▶ **Exercise data**:
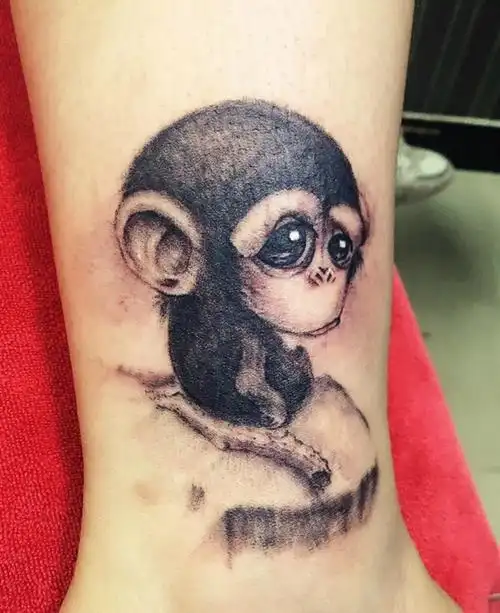 女子脚踝呆萌可爱大眼萌猴纹身图案分享!-猴子技术宅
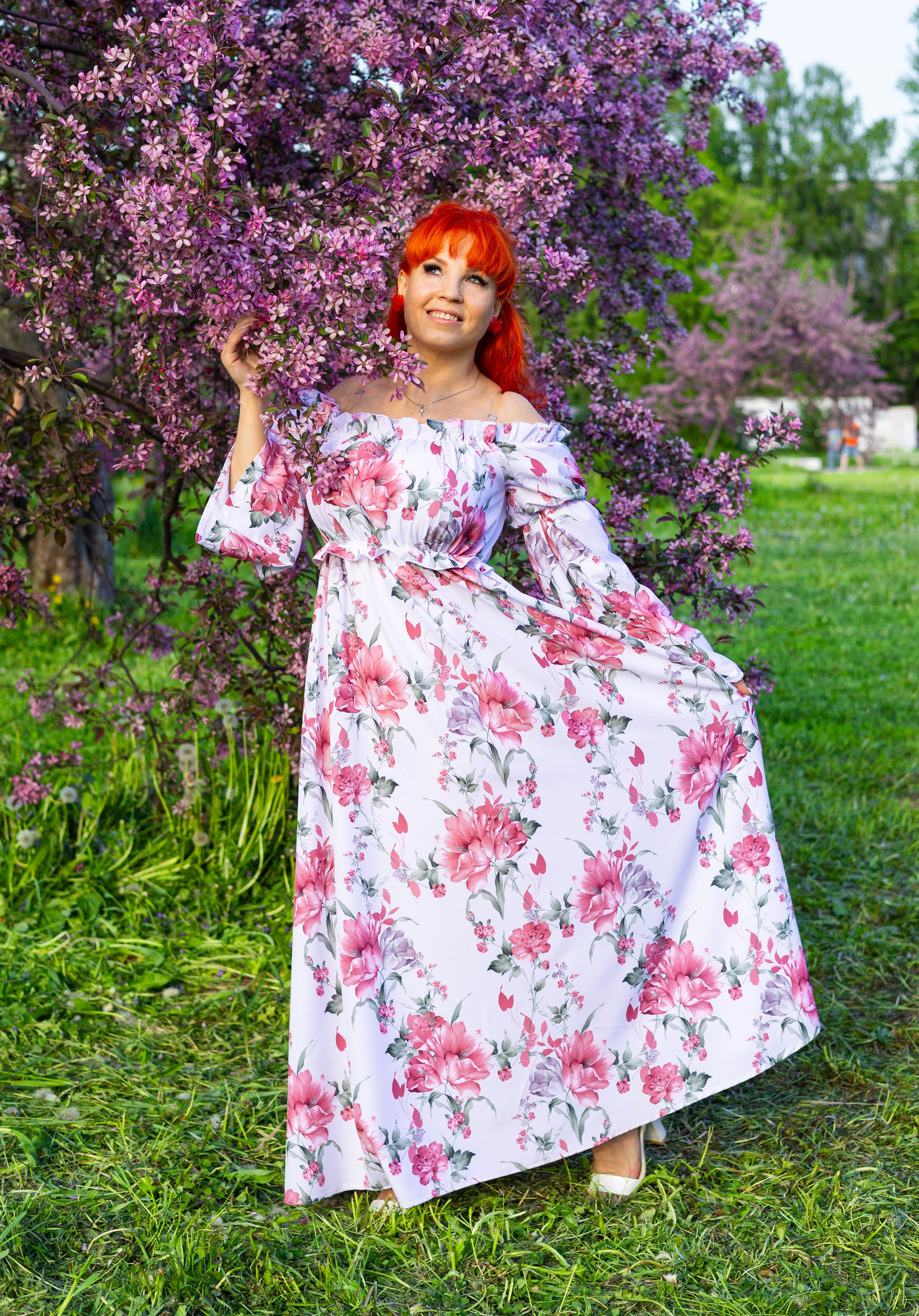 Алена. Весенняя фотосессия в яблоневом саду. Портретный фотограф Панферова Регина г. Санкт-Петербург, г. Казань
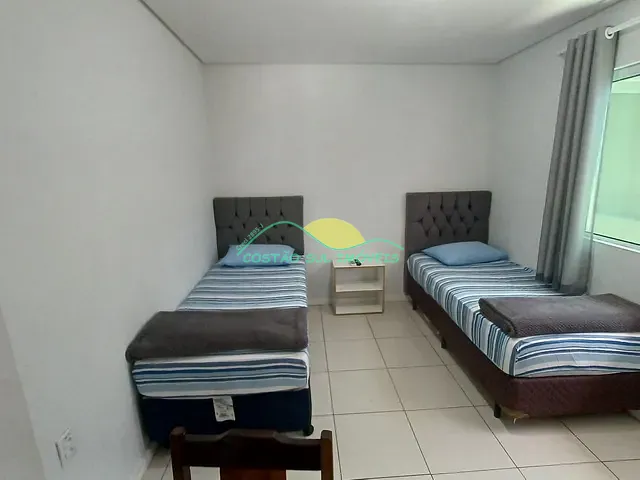 Casa 4 quartos e 3 banheiros, à venda, no bairro Morro das Pedras em Florianópolis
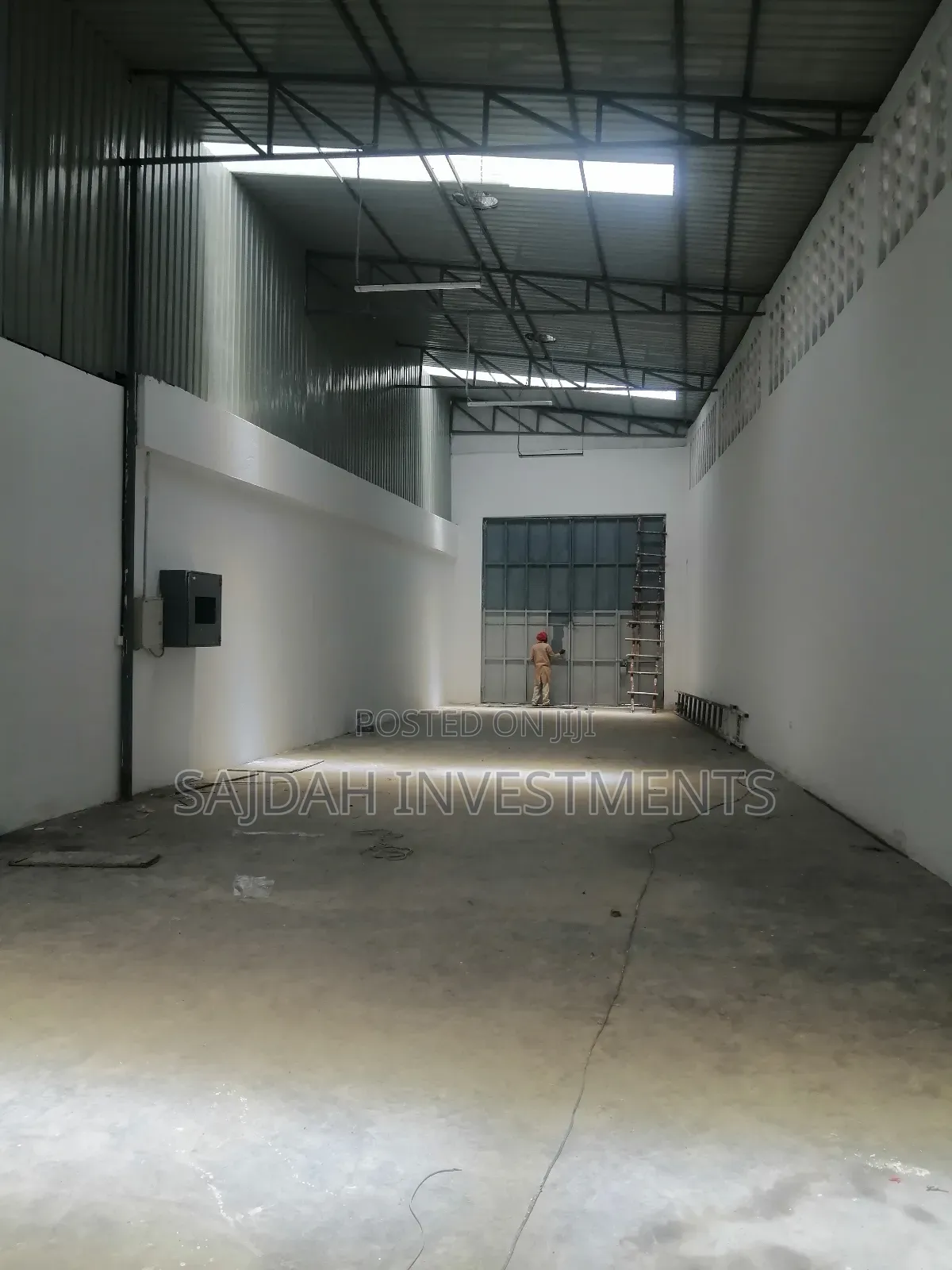 Commercial Warehouse for Rent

▶ **Exercise description**:
Nothing but the text of the listing should be set down, exactly, with the pictures left behind.

▶ **Response box**:
 女子脚踝呆萌可爱大眼萌猴纹身图案分享!-猴子技术宅
 Алена. Весенняя фотосессия в яблоневом саду. Портретный фотограф Панферова Регина г. Санкт-Петербург, г. Казань
 Casa 4 quartos e 3 banheiros, à venda, no bairro Morro das Pedras em Florianópolis
 Commercial Warehouse for Rent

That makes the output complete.